What Is the Difference Between Lawsuit Loans and Settlement Advances?

"Lawsuit loan" and "settlement advance" are often used interchangeably, but they describe different products. The key distinction is recourse: a loan must be repaid regardless of outcome; an advance is repaid only if the case succeeds.

"Lawsuit loan" is a commonly used colloquial term, but it is technically a misnomer for most pre-settlement funding products. A true loan must be repaid regardless of how the case resolves — the debt exists independently of the litigation outcome. A pre-settlement settlement advance is non-recourse: if the case is lost, the obligation disappears. This is a fundamental structural difference with significant implications for the plaintiff.

The distinction matters legally and financially. Recourse products — products where personal repayment is required regardless of outcome — are subject to usury regulations in most states, require credit underwriting, and create personal liability. Non-recourse advances are structured differently, often outside state usury frameworks, and are underwritten on the case merits rather than the plaintiff's personal creditworthiness.

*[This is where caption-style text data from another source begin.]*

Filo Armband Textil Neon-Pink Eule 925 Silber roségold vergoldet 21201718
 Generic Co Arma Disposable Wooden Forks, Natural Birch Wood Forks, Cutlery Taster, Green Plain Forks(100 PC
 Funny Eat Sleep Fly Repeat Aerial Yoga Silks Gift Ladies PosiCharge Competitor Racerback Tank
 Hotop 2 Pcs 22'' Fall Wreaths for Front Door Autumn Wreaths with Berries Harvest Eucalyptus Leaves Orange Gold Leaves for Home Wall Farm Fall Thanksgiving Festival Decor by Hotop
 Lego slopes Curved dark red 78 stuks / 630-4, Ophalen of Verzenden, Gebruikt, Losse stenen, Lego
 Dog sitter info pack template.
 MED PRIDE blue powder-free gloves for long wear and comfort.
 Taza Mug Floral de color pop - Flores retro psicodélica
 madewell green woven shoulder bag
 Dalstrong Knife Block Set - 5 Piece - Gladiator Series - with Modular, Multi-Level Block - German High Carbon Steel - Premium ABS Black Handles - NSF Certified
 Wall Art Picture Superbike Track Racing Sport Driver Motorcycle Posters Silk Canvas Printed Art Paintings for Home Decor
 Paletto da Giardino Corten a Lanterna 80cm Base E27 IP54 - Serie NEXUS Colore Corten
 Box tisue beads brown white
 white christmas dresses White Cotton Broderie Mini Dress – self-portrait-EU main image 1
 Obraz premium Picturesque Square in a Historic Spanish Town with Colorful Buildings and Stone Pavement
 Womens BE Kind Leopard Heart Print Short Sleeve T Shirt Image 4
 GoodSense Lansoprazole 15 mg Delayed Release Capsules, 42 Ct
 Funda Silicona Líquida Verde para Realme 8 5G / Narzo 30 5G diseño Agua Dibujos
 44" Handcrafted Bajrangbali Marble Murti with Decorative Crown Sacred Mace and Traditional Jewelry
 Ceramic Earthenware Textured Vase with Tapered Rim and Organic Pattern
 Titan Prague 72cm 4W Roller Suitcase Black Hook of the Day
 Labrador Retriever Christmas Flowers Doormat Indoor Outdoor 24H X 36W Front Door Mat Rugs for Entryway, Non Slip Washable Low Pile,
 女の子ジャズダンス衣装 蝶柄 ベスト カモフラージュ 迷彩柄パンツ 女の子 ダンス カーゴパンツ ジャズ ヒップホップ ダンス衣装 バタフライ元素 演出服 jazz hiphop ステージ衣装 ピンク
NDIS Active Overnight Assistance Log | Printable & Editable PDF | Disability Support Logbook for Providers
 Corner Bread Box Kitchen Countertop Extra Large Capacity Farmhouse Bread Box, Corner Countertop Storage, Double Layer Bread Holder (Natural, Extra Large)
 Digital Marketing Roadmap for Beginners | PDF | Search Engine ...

Some funders do offer recourse products — actual loans secured by a legal claim — particularly for post-settlement funding or for plaintiffs who do not qualify for non-recourse advances. These are legitimate products but carry different risks: if the case takes an unexpected turn, the debt remains. Make sure you understand which product you are being offered before signing any agreement.

When evaluating any funding company, ask explicitly: "Is this product non-recourse? If my case is dismissed with no recovery, do I owe anything?" A legitimate non-recourse funder will confirm clearly that no repayment is owed in a loss scenario. Get this in writing in the funding agreement.